Well, he is a math wizard*, so I could see him figuring out a few clever shortcuts. But there's only so much you can do. It could offload rarely-updated parts of history off to the hard drive, so long histories would work in theory, but they'd be even slower than they are now.
*Arithmancer, technically.
Actually, there is a lot you can do, but it's all a matter of how much data you are willing to sacrifice, and how clever you can be.
Compare a .bmp to a .jpg to a .png.
All of these are image formats, and bitmaps just the raw data represented exactly and faithfully. Jpgs, meanwhile, are willing to lose a decent amount of data in exchange for cutting the amount of actual data that needs to be stored before you can extrapolate out the data you want. You lose some resolution, but you can get much more image in the same amount of space. A png, however, is even more clever, and manages to be lossless with its data at the same time that it expands on the functionality of the original format.

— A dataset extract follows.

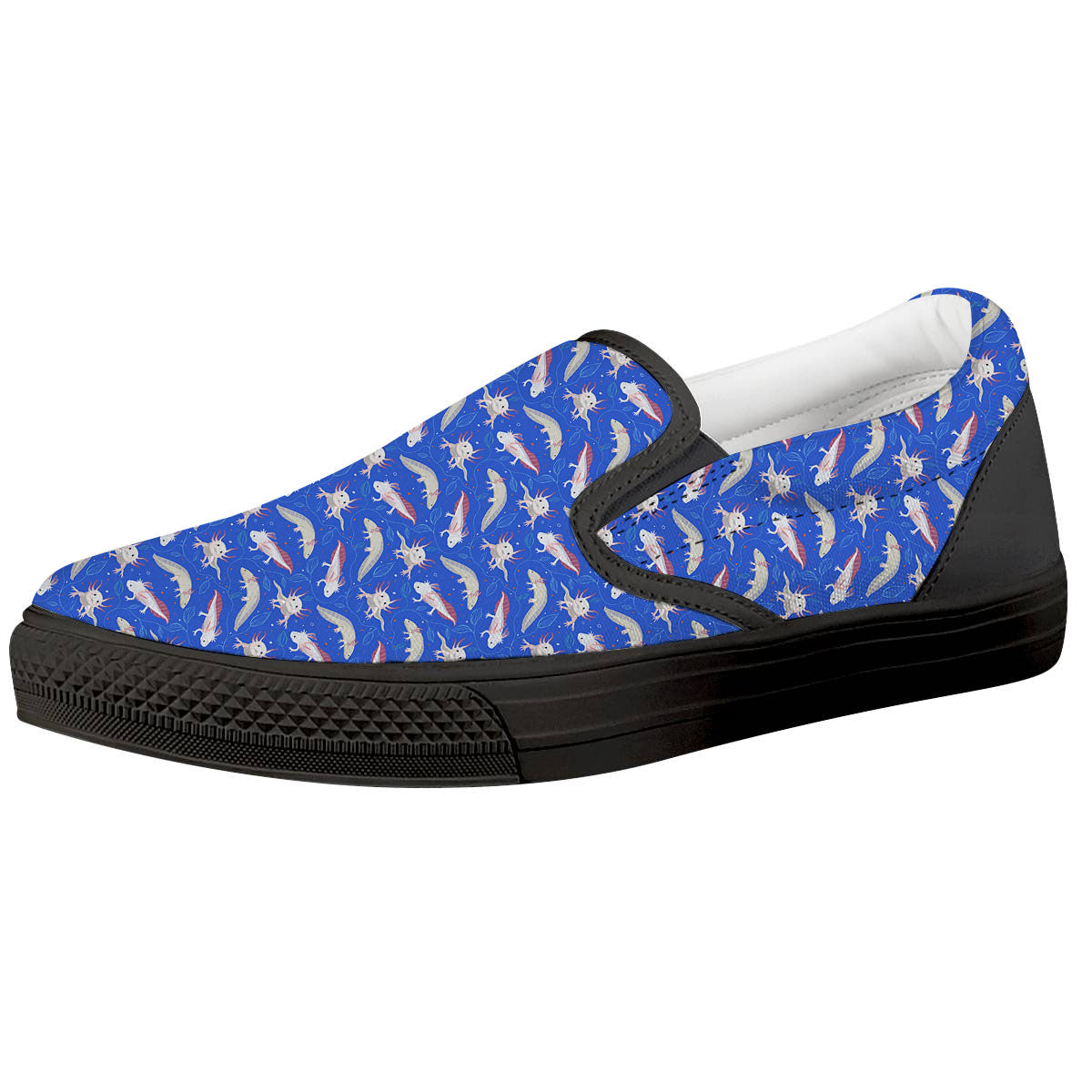 Axolotl Blue Print Pattern Black Slip On Shoes-grizzshop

PNGs only came about because many people spent a very long time thinking about how to refine the art of storing art, however.
If I were to give you a word problem to solve where I told you a train was traveling a 240 mile journey at 60 miles per hour, you would simply divide 240 by 60 and get the answer. If a typical game is told to do the same thing, however, it would start a minute-by-minute pushing of a train object along the grid until it hit its destination, and return the value of how many iterations it had to push.
It's a matter of how you look at the math problem from the first place.
The trick is to find ways to properly abstract your math problems into a higher level of math that the computer can still run.